[Scraped caption text data]
:::::
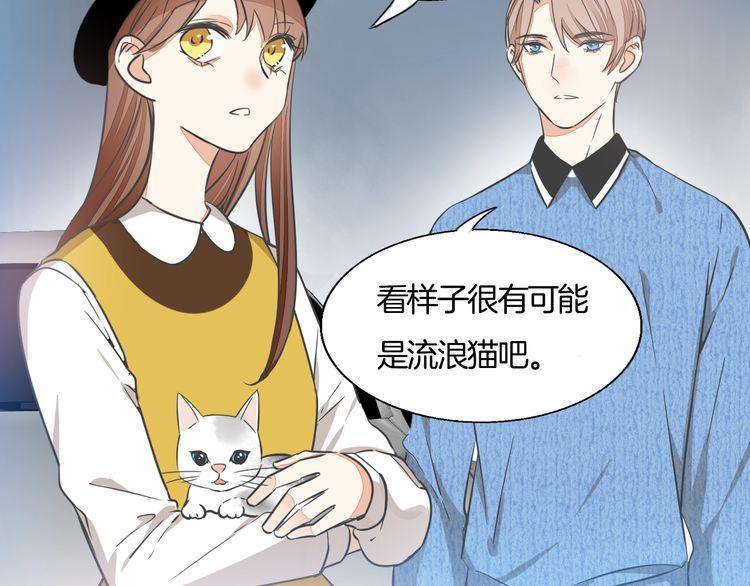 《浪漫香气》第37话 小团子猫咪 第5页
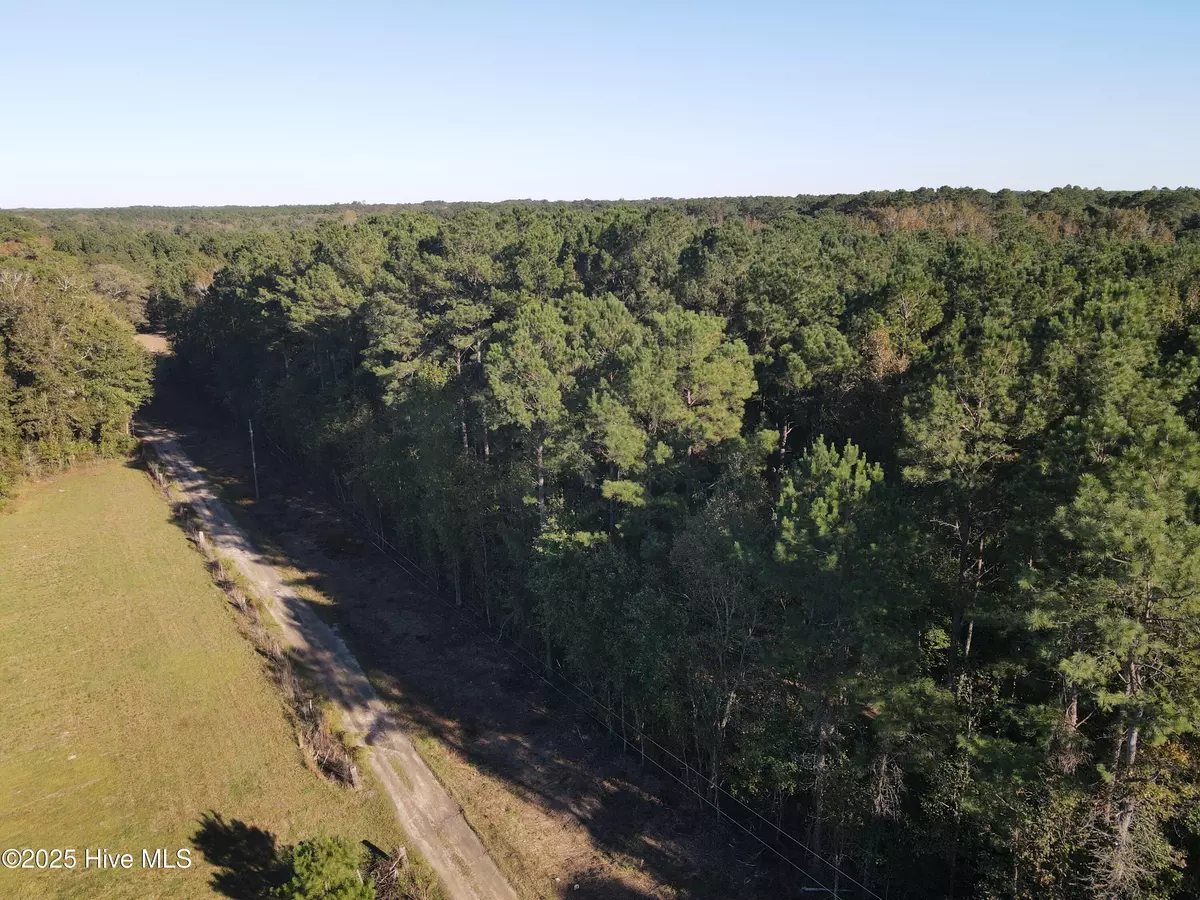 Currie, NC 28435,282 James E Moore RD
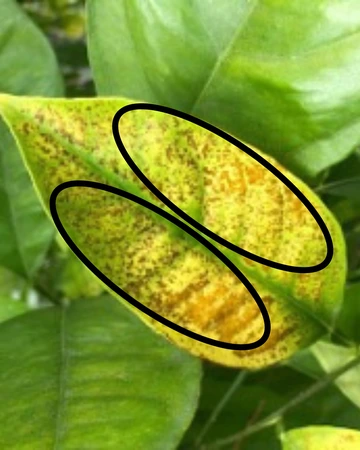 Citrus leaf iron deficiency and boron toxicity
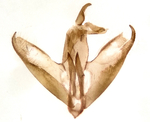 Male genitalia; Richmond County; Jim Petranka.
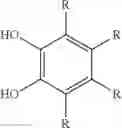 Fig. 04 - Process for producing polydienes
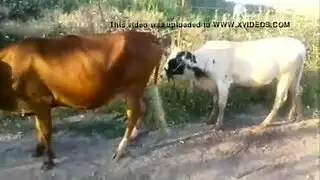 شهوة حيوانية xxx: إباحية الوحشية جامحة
:::::
» WORK INSTRUCTIONS: Quote every line of the records above exactly; no picture is to be copied.

» TASK RESPONSE:
 《浪漫香气》第37话 小团子猫咪 第5页
 Currie, NC 28435,282 James E Moore RD
 Citrus leaf iron deficiency and boron toxicity
 Male genitalia; Richmond County; Jim Petranka.
 Fig. 04 - Process for producing polydienes
 شهوة حيوانية xxx: إباحية الوحشية جامحة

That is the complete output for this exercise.